Three-term minister Chandrima Bhattacharya, while presenting her first budget in the Bengal Assembly on Friday could not hide behind economic jargon that helped one of her illustrious predecessors steer clear of being quizzed during the Left Front rule _ former Bengal finance minister Asim Dasgupta’s zero-deficit budgets had drawn ridicule from economic pundits as well as those familiar with the machinations of running an economy like the late President Pranab Mukherjee.
On Friday, the figures revealed in Bengal's budget for the 2022-23 fiscal make it amply clear that there is an increase in the revenue deficit. In other words, the state is earning less and spending more.

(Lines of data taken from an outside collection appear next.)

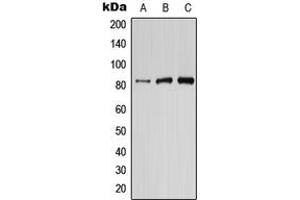 Western blot analysis of PIK3R6 expression in HepG2 (A), mouse brain (B), rat brain (C) whole cell lysates. (PIK3R6 Antikörper  (Center))
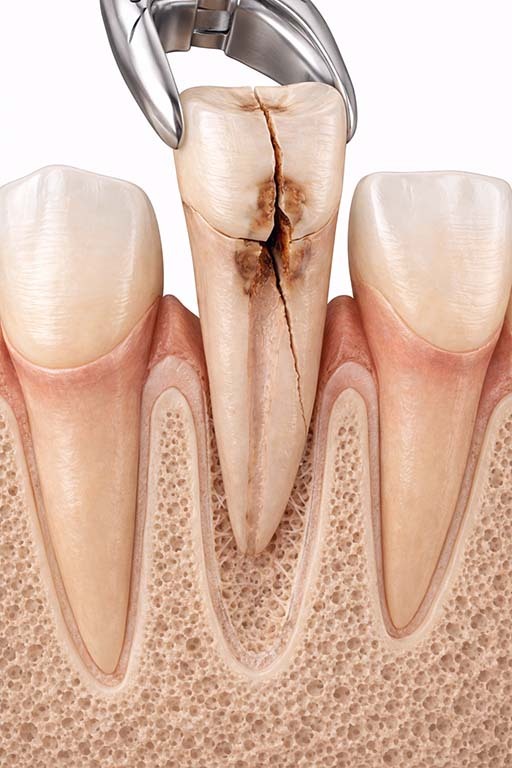 Severely fractured tooth with vertical root fracture being extracted with dental forceps, showing deep crack extending from crown to root at NYC Dentistry Center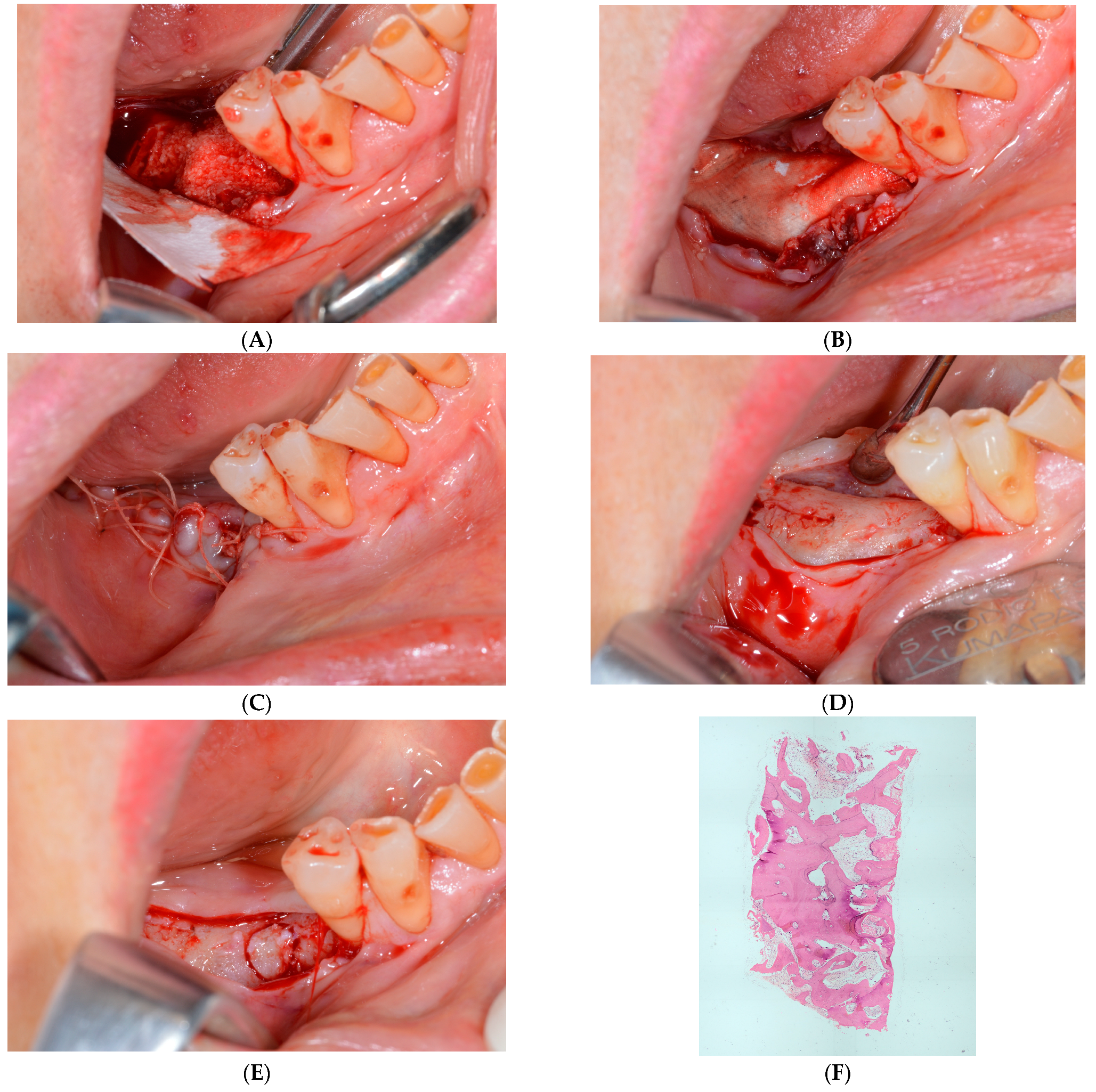 Applsci 13 01411 g002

In the budget estimates for the 2021-22 fiscal, the state finance department had marked Rs 26,755.26 crore as revenue deficit. The revised budget (which is supposed to present the actual figure) shows the revenue deficit as having shot up to Rs 32,963.60 crore, though both chief minister Mamata Banerjee and her chief financial adviser Amit Mitra, who till last November held the finance portfolio, patted their backs over the performance.
“The revenue deficit earlier was 3.75 per cent, we have brought it down to 1.65 per cent. When we came to power in 2011, debt per GDP ratio was 40.65 per cent, now it stands at 34.23 per cent. No other state has been able to achieve that,” said Mitra, joining the chief minister virtually.
To Mitra’s reasoning, Mamata added, “The Centre’s revenue deficit is more than seven per cent.”
For the next fiscal, the revenue deficit has been pegged at Rs 28,279.68 crore.
Sources said the state’s actual revenue deficit could be even higher since data collection for preparing the budget is usually completed by end of November or December, thus the last months are not incorporated.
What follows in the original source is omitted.